1. Stay in bed. Hunker down under the covers. Read Sheila Heti’s How Should A Person Be? and highlight the passages that you feel specifically apply to your life. Eat too many cookies. Let your cat lick your face clean, but stop her when she tries to groom your eyebrows.

2. Practice your humble-yet-flattered face in the mirror. Smile with genuine warmth, but look down bashfully. Shrug nonchalantly and say thank you, then quickly change the subject. Remind yourself that this is what you should be doing when people compliment you, instead of rolling your eyes and making a self-deprecating joke.

3. Don’t answer the phone. Don’t turn on the news. Don’t read any articles whose headlines contain the words government, statistics or attachment parenting

4. Make a list of potential titles for the memoir that you might someday write, e.g. My Heart Is An Autumn Garage, Everything Is Overrated, or The Blunder Years. Wonder why no one appreciates your clever Salinger references or your hilarious puns.

5. Write a letter to Simone de Beauvoir that begins,

Dear Simone, 

I wish you were still alive so that you could teach me to do my hair like yours. You always looked great.

Listen, I’m sorry Camus was such a dick to you, but let’s be honest, between him and Sartre, he was the better writer.

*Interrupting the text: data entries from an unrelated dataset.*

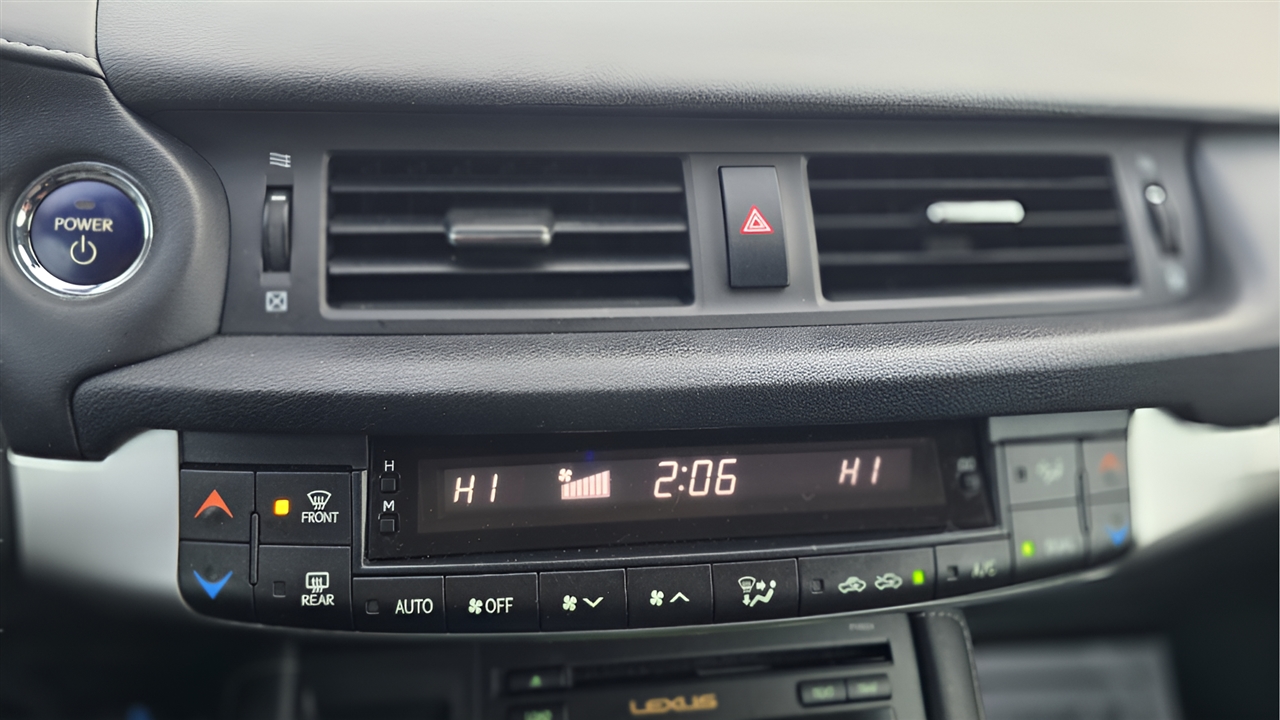 Lexus CT 200h Base 2011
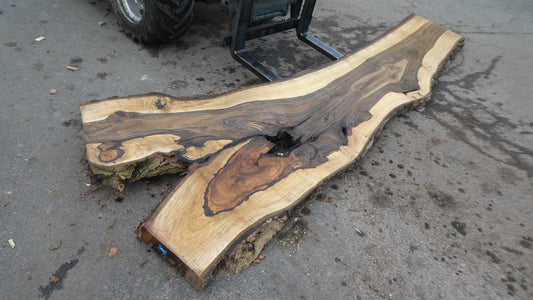 Unbehandelte Tischplatten nach Maß aus Laubholz Nuss / Nussbaum | Plattennummer  B-00502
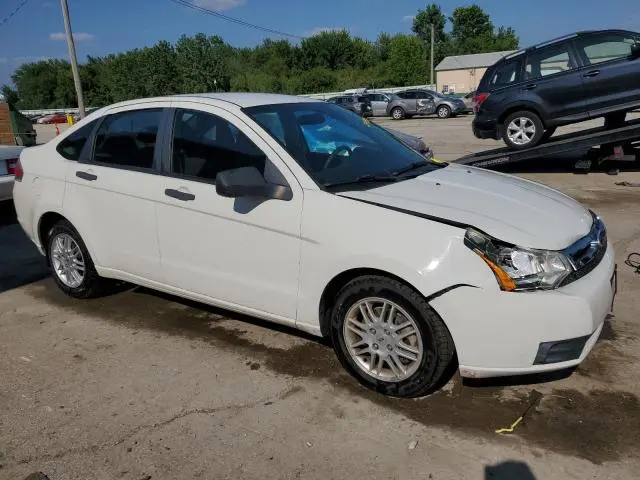 2010 FORD FOCUS SE  
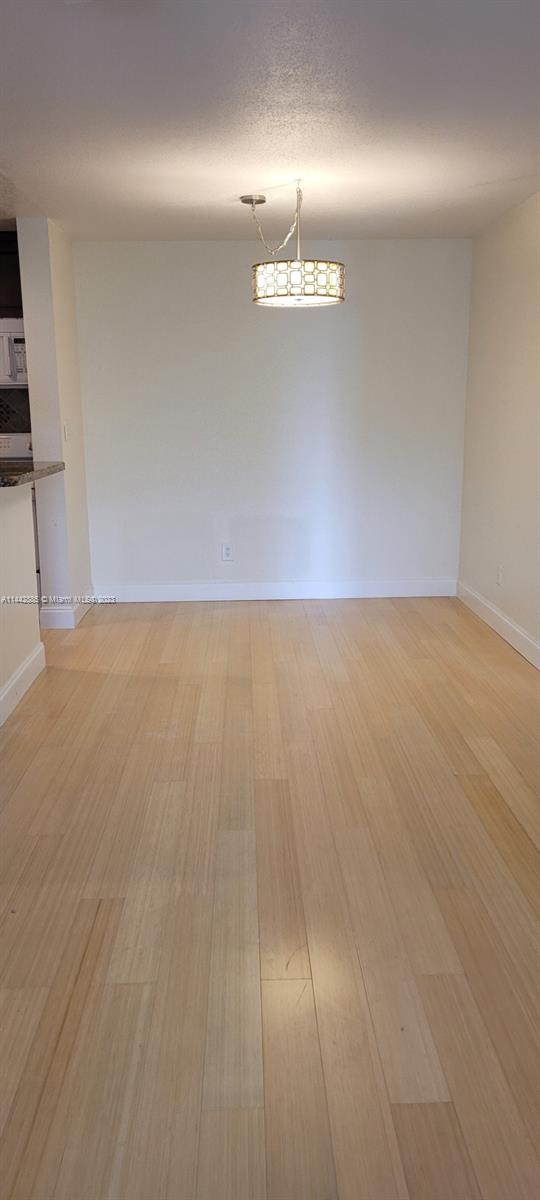 SAVANNAH AT RIVERSIDE CON - Residential Lease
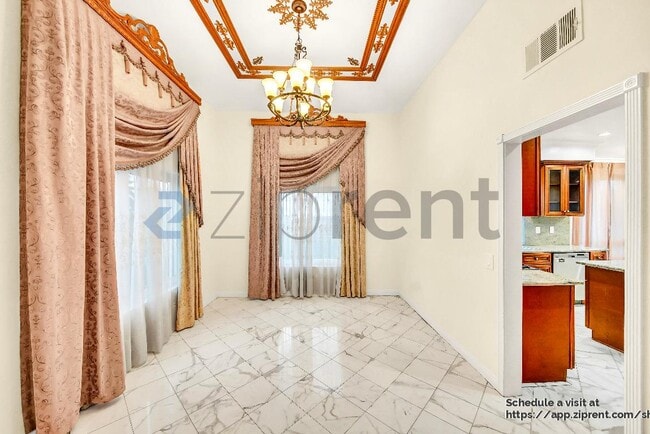 Foto del edificio - 19872 Sunset Vista Rd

6. Look at pictures of baby otters:

zoo_baby_otters1

Or else this picture of a kitten cuddling a potato:

enhanced-buzz-18077-1365181268-6

7. Make a list of underused words that you love, and pledge to include them more often in your everyday vocabulary. These words might include bivouack, erstwhile, mawkish, hullaballoo, skullduggery, caterwaul, quotidian, skedaddle, peripatetic, zeitgeist.

8. Resist the urge to think about the future, dissect your failings or re-evaluate your life choices.

9. Invite your sister over. Drink fancy tea together. Watch Stand By Me and discuss what it would be like to a) live in 1950s America, b) have testicles, and c) discover a giant leech attached to said testicles.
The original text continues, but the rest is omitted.